Problem:
Would you write out the lines below exactly, from the one containing "Distillato di Birra" to the very last, but without the pictures?

Records for this exercise:
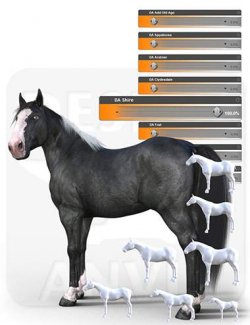 DA Ultimate Shape pack for Horse 3 - Breeds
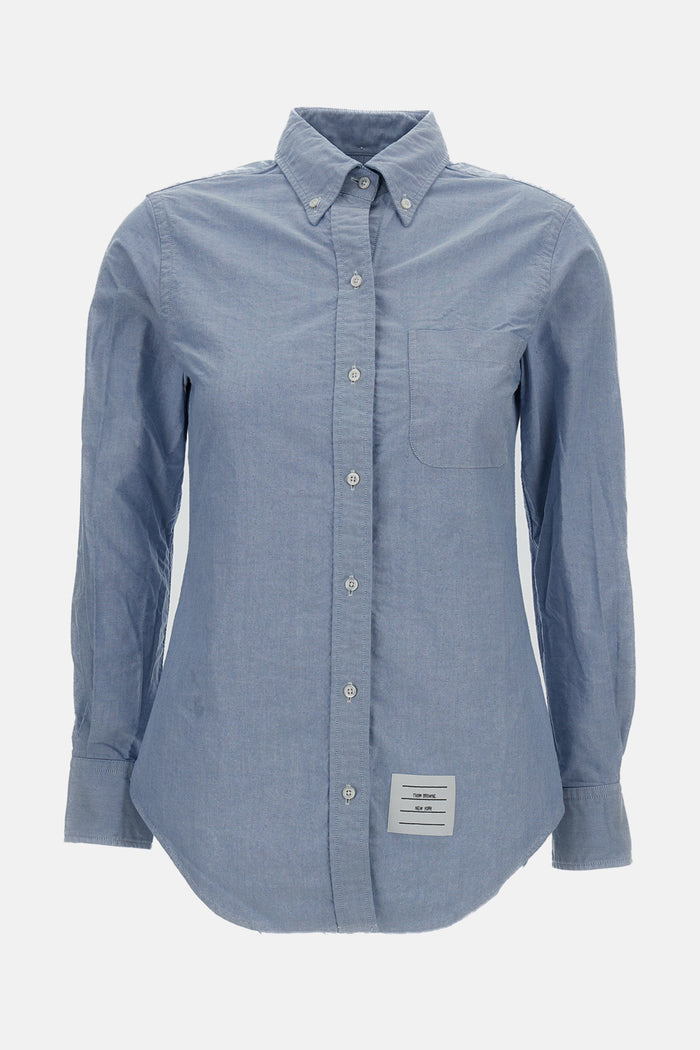 Thom Browne Shirts Sky Blue Self: Cotton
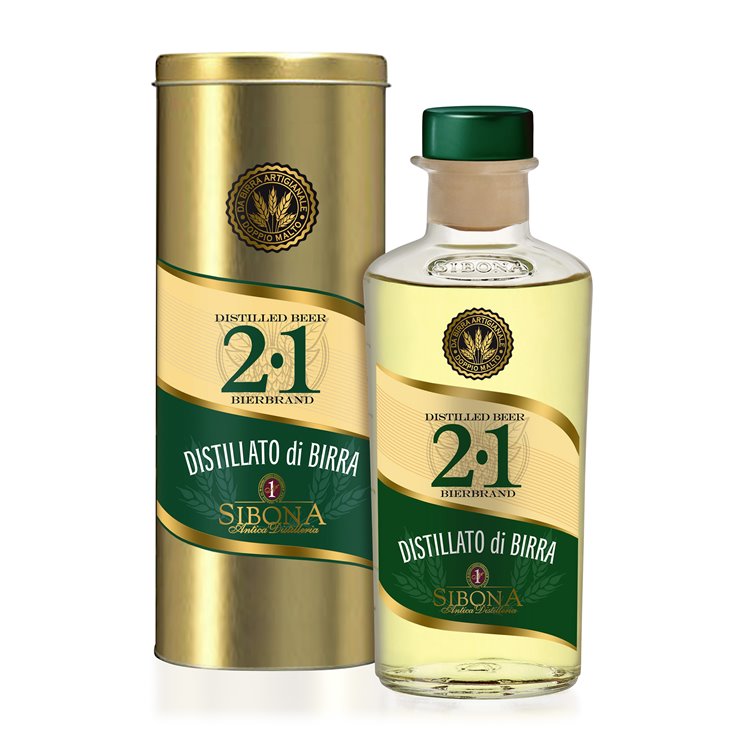 Distillato di Birra 2.1  - Distilleria Sibona 0,5 l.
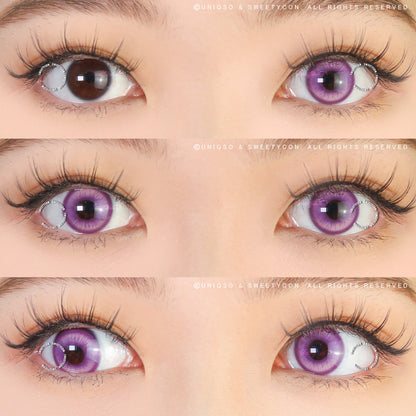 Sweety Magic Pop Violet (1 lens/pack)-Colored Contacts-UNIQSO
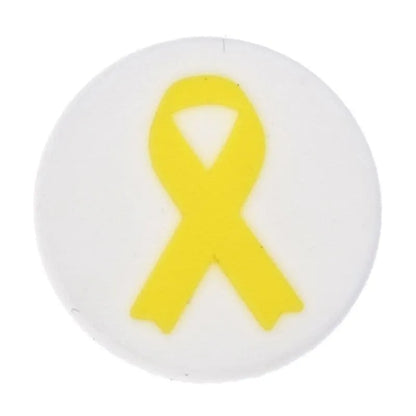 Bladder cancer yellow badge shoe charm BC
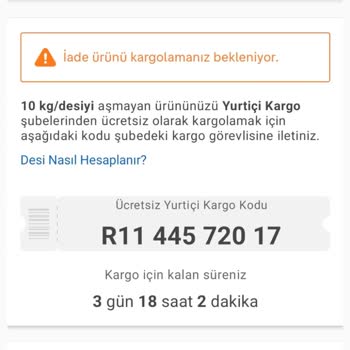 Sahibinden Param Güvende Ürünü İade Ederken Tutarın Eksik Yatırılması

Solution:
 Distillato di Birra 2.1  - Distilleria Sibona 0,5 l.
 Sweety Magic Pop Violet (1 lens/pack)-Colored Contacts-UNIQSO
 Bladder cancer yellow badge shoe charm BC
 Sahibinden Param Güvende Ürünü İade Ederken Tutarın Eksik Yatırılması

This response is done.